The answer is in Article V. It was deliberately put there.
Article V provides two routes for constitutional amendment. The route everyone knows runs through Congress: a two-thirds vote in both chambers, and three-fourths of the states ratifying. The route almost no one uses runs through the states: two-thirds of state legislatures — thirty-four — apply to Congress for a constitutional convention, which proposes amendments that must still be ratified by three-fourths of states — thirty-eight. Hamilton described this second route in Federalist 85 as “peremptory,” not optional, not discretionary, but obligatory when the states demand it. Madison designed it for the moment we are in: the institution most in need of change is the institution that controls the first route. A Congress whose members spend four to five hours a day on donor calls in a building across the street from the Capitol, which they are not allowed to use for fundraising, will not reform the campaign finance system that sustains them. An unaccountable Court cannot be appealed. The convention route bypasses both.
The objection that a convention could exceed its mandate, as the 1787 convention did, producing an entirely new constitution rather than revising the Articles, deserves a direct answer. I do not claim the risk is zero. What I claim is that in 1787, there was no existing ratification threshold attached to whatever the convention might produce. Today’s process requires thirty-eight state legislatures to approve any proposal. The “runaway convention” is a fear about what could be proposed. The 38-state threshold is the safeguard that determines what actually becomes law. Whatever a convention proposed — abolish the Second Amendment, install a parliamentary system, impose a balanced budget — would face ratification votes in state legislatures that would not approve it. Any amendment that clears thirty-eight states has achieved genuine supermajority consensus across the ideological range that ordinary legislation cannot reach. The 38-state threshold is not a technicality. It is the mechanism that makes constitutional modernization compatible with constitutional continuity.
What that compatibility looks like in practice is worth being concrete about. An amendment that clears the thirty-eight-state ratification threshold — whether proposed by Congress or by a convention — enters the Constitution by the same mechanism that produced the Bill of Rights, the Reconstruction Amendments, and the Nineteenth Amendment. The continuity is in the threshold itself: whatever clears it inherits the legitimacy of what cleared it before, and whatever cannot does not become law, regardless of how passionately a single coalition might press for it. The mechanism is conservative in design and modernizing in effect. That is not a paradox. It is the original design working.

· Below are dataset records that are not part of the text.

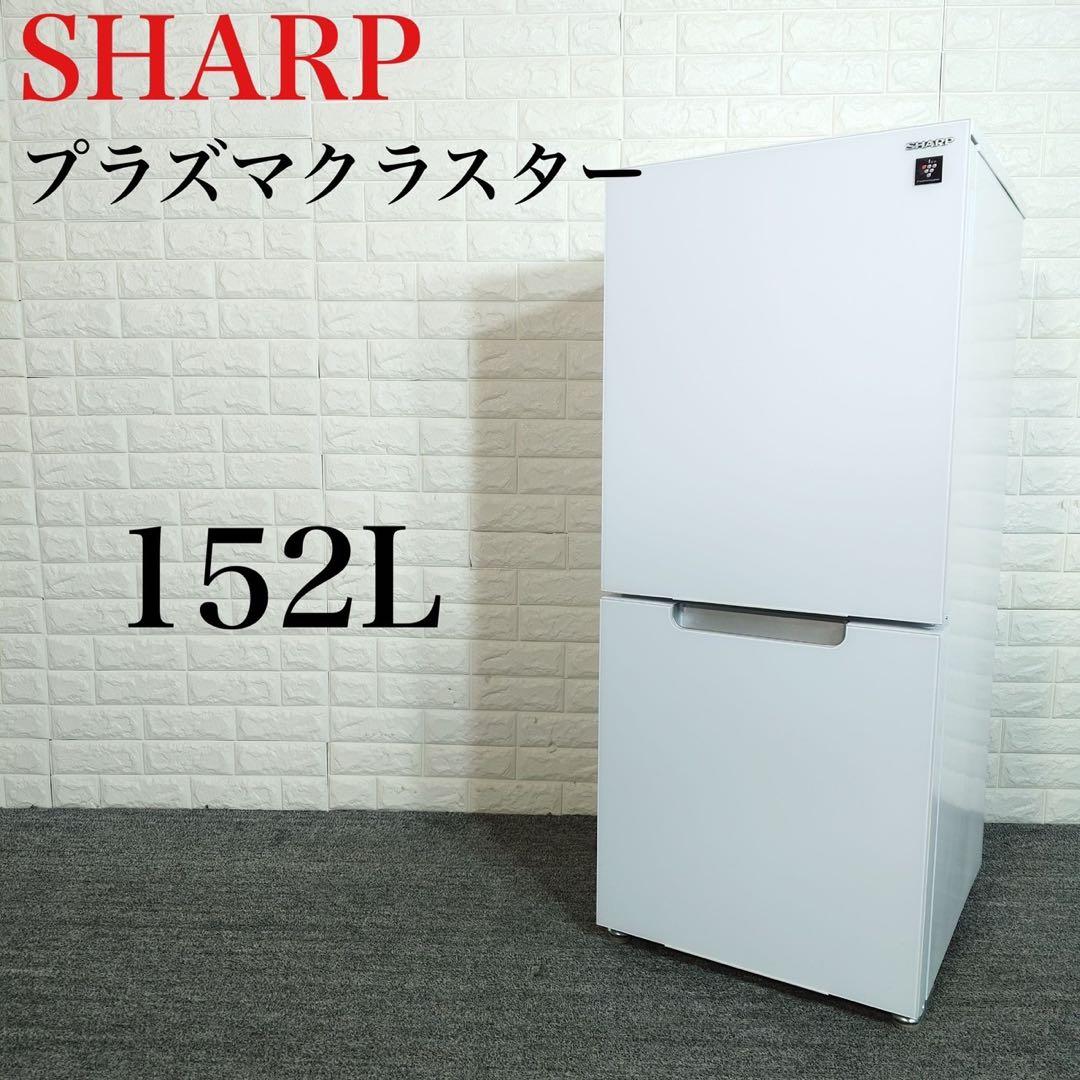 SHARP 冷蔵庫 SJ-GD15G-W 152L 2021年製 家電 A058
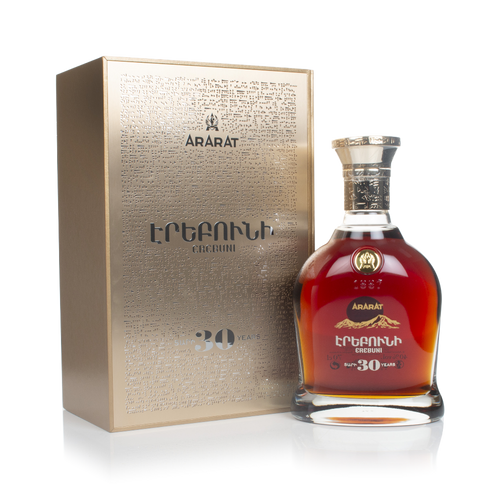 70cl (Out of stock)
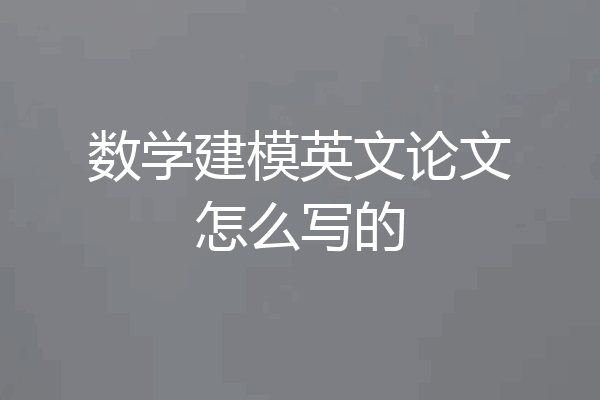 数学建模英文论文怎么写的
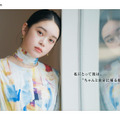 「月刊 旅色」5月号インタビュー：髙石あかり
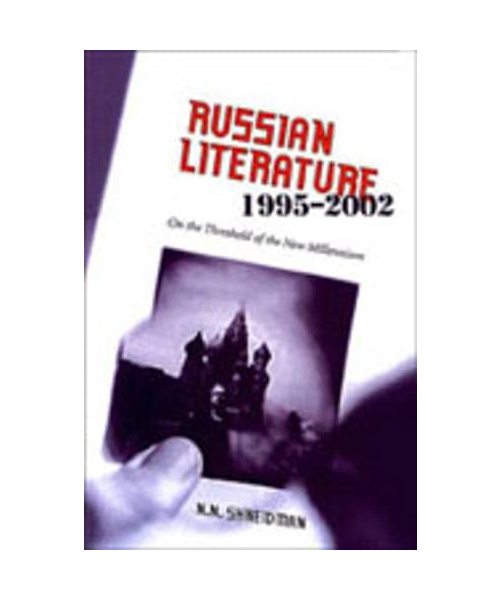 Russian Literature, 1995-2002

Three amendments follow directly from what Callais and Shelby County exposed: an affirmative right to vote, independent redistricting, and a campaign finance amendment.
An affirmative right to vote. The Constitution contains no such provision. What exists is a series of amendments prohibiting denial of the vote on specific grounds (race, sex, age, poll tax), none of which creates an affirmative, judicially enforceable right. Under the current framework, when the government restricts the franchise, challengers must prove a specific statutory violation, and courts can narrow the standards for that violation. An affirmative constitutional right inverts the burden: the government restricting the franchise faces a presumption of unconstitutionality and must justify the restriction against a fundamental right. The amendment does not guarantee courts will interpret it correctly. It guarantees that the constitutional question, when litigated, is the right one.
Independent redistricting. The Supreme Court’s 2019 decision in Rucho v. Common Cause held that partisan gerrymandering is a “political question beyond the reach of federal courts” — a conclusion Justice Kagan called, accurately, abdication. In the 2024 cycle, gerrymandering gave one party approximately sixteen additional House seats in states it controlled after the 2020 census. Michigan implemented independent redistricting through a 2018 voter initiative and turned one of the country’s most extreme gerrymanders into genuinely competitive districts in a single election cycle. A constitutional provision requiring independent commissions for congressional seats would accomplish what Rucho explicitly placed beyond the reach of the judiciary. The United Kingdom, Canada, and Australia use independent bodies as a matter of course; none regards this as a radical arrangement.
A campaign finance amendment. Citizens United v. FEC rests on a doctrine of corporate personhood whose foundational precedent is not a judicial holding but a headnote; a summary written by a former railroad executive after a ruling whose own Chief Justice had told him the Court had “avoided meeting the constitutional question.” It was cited as settled law for a century and became the foundation for a decision that produced $4.5 billion in outside spending in the 2024 federal election cycle, $1.9 billion of it from sources that cannot be publicly traced. The amendment I would propose is narrow: it establishes that the government may regulate the expenditure of money in elections to prevent corruption or its appearance, and that this authority extends to corporations and non-natural persons. It restores the regulatory capacity that the Court removed in a decision built on a headnote.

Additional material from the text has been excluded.